Word importance in text ⇐ conditional information of the token in the context. Is this assumption valid?
Words that are harder to predict from context typically carry more information(or surprisal). Does more information/surprisal means more importance, given everything else the same(correctness/plausibility, etc.)?
A simple example: “This morning I opened the door and saw a ‘UFO’.” vs “This morning I opened the door and saw a ‘cat’.” — clearly “UFO” carries more information.
‘UFO’ seems more important here. But is this because it carries more information? This topic may be around the information-theoretic nature of language.
If this is true, it’s simple and helpful to analyze text information density with large language models and visualizes where the important parts are.
It is a world of information, layered above the physical world. When we read text we are intaking information from a token stream and get various information density across that stream. Just like when we recieve things we get different “worth”.
------
Theoretical Timeline
In 1940s: The foundational Shannon Information Theory.
Around 2000, key ideas point toward a regularity in the information-theoretic nature of language:
Entropy Rate Constancy (ERC) hypothesis: Word’s absolute entropy increases with position, thus conditional entropy stays roughly constant across the text.
Uniform Information Density (UID) hypothesis: Humans tend to distribute information as evenly as possible across the text — a kind of “information smoothing pressure” that releases info gradually).
Surprisal Theory: Surprisal correlates almost linearly with reading times / processing difficulty.
Now, LLMs come out. LLMs x information theory — what kind of cognitive breakthrough might this bring to linguistics?
At least right now, one thing I can speculate is: Shannon information seems to represent the upper bound on “importance.”

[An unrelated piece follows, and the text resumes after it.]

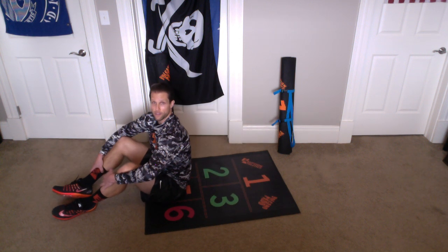Alright, so one leg in, one leg out, one leg in, one leg out. We're going to do that for 10 seconds together.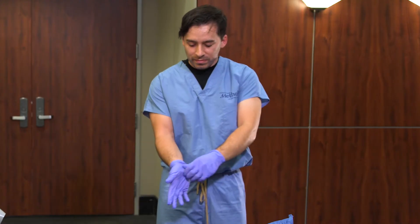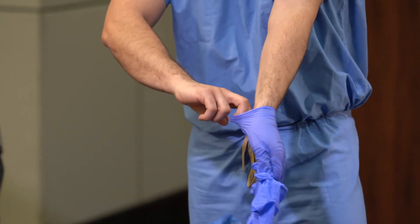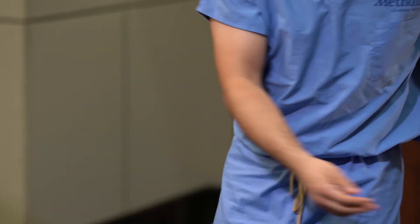Doff gloves using glove-to-glove, skin-to-skin technique. And perform hand hygiene.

Are we on the eve of re-understanding the information-theoretic nature of language?
More potential importance. Consider high entropy clauses ranging from total gibberish or jargon which, aside from revealing some information about the author/narrator, doesn’t substantially change the content communicated:
This sounds incredible at first, but the underwhelming context is that they have named their domestic cat “Aslan”. Is it important to know that the narrator knows the cat on a first name basis, and that this cat (who may or may not be owned by the narrator) is owned by someone with a sense of humor, a taste for ironic ‘antonomasia’ who has at the very least watched the Chronicle of Narnia films?
Not all surprising parts of a sentence are important.
You might also be interested in James Pennebaker research into function words—this doesn’t apply to LLMs I would assume—but he found that doing statistical analysis on the seemingly least important words in English: couplas, pronouns etc. etc. they could predict the amount of medical visits of students. When you remember that the most commonly used, and therefore functional words, tend to be the shortest in a language following a Zipf Law: I, we, of, to, the, yes, no… this makes sense. What Pennebaker’s research has revealed is that even these choices can reveal a lot about the status and mental health of the author.
More potential importance
<-> Not all surprising parts of a sentence are important.
<-> All important parts must be surprising.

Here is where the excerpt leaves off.